» **Assigned task**
Among the entries that follow, locate the line with "Nóż Yanagiba Ambrogio" and the line with "Dynamically Update A". Output those lines and all lines in between, exactly, minus the pictures.

» **Record excerpts**
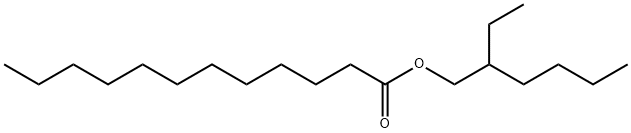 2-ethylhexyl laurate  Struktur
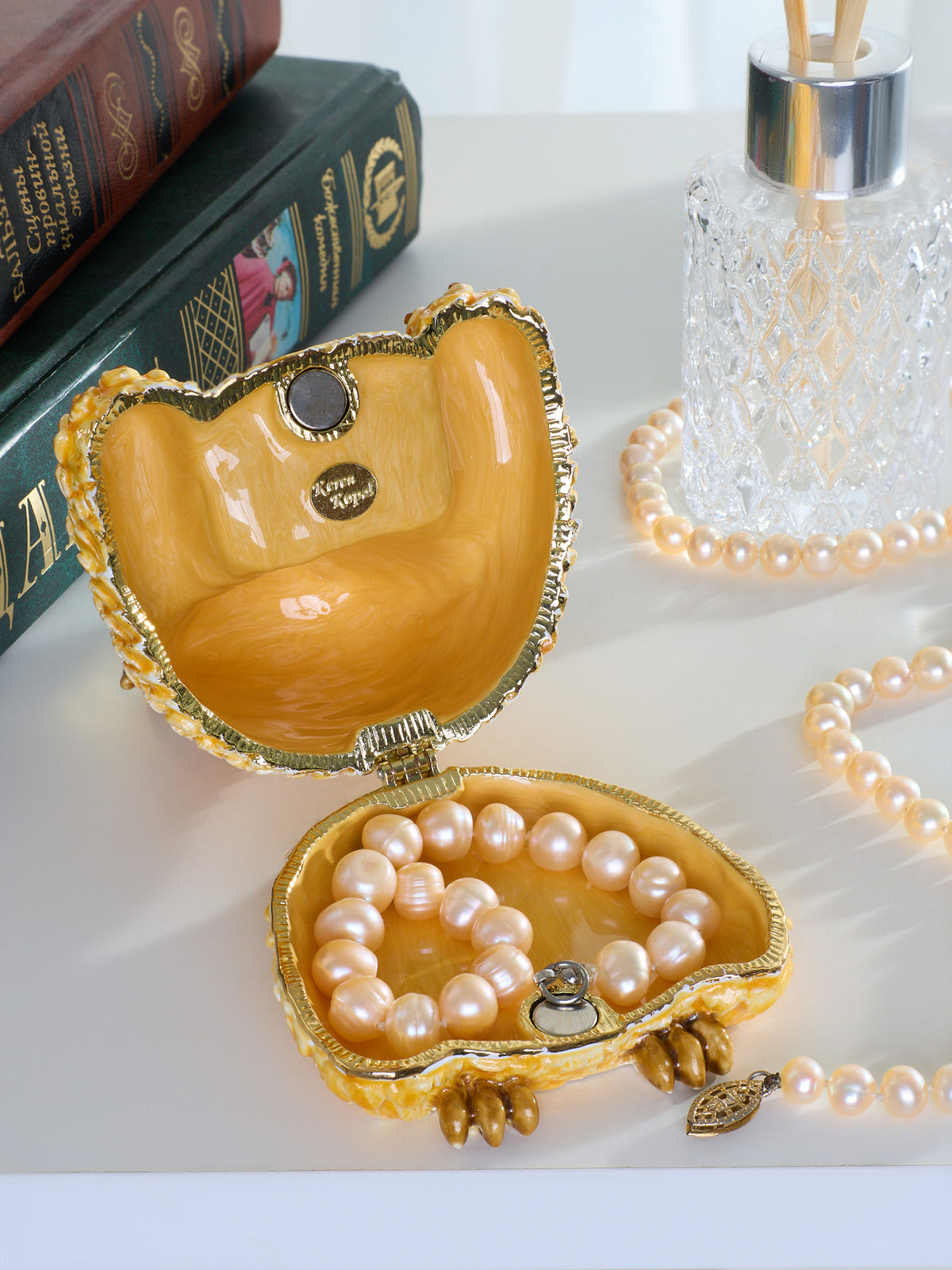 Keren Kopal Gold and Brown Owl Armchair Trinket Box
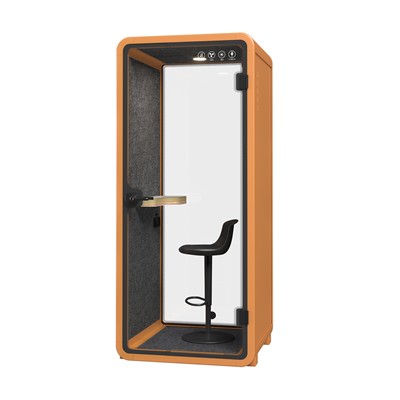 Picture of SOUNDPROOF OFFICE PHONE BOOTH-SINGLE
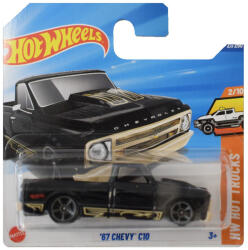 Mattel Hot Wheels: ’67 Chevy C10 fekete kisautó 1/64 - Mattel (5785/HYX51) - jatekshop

==

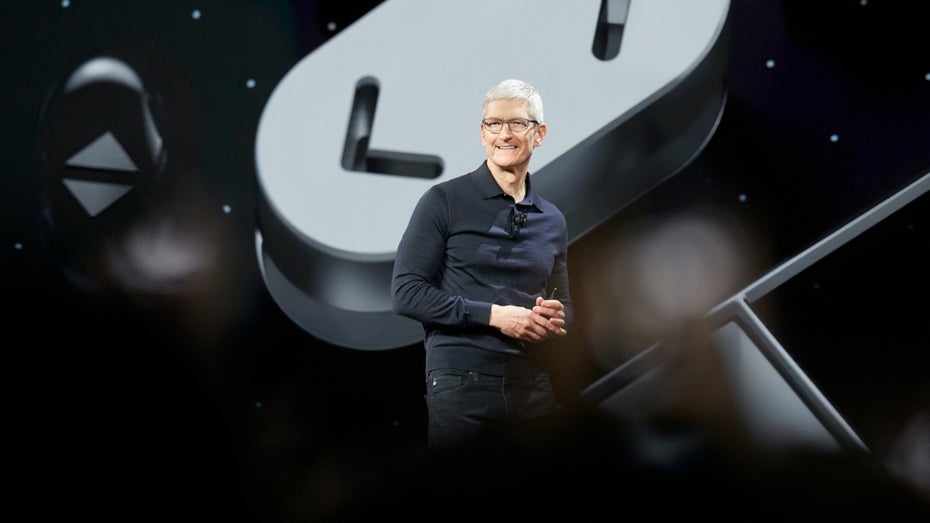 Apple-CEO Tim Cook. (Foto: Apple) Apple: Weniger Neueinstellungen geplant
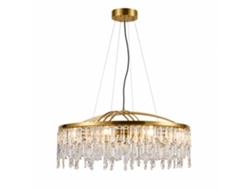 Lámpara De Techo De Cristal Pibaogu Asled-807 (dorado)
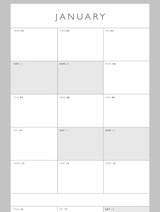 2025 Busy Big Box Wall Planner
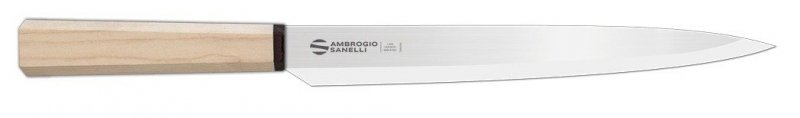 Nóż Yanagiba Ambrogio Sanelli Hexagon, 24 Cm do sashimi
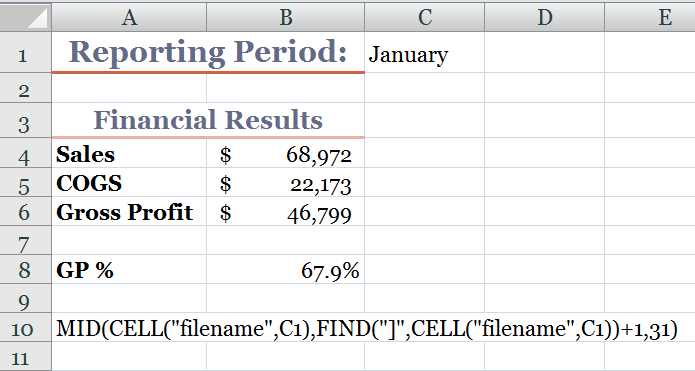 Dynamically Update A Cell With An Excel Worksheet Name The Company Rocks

» **Result for this task**
 Nóż Yanagiba Ambrogio Sanelli Hexagon, 24 Cm do sashimi
 Dynamically Update A Cell With An Excel Worksheet Name The Company Rocks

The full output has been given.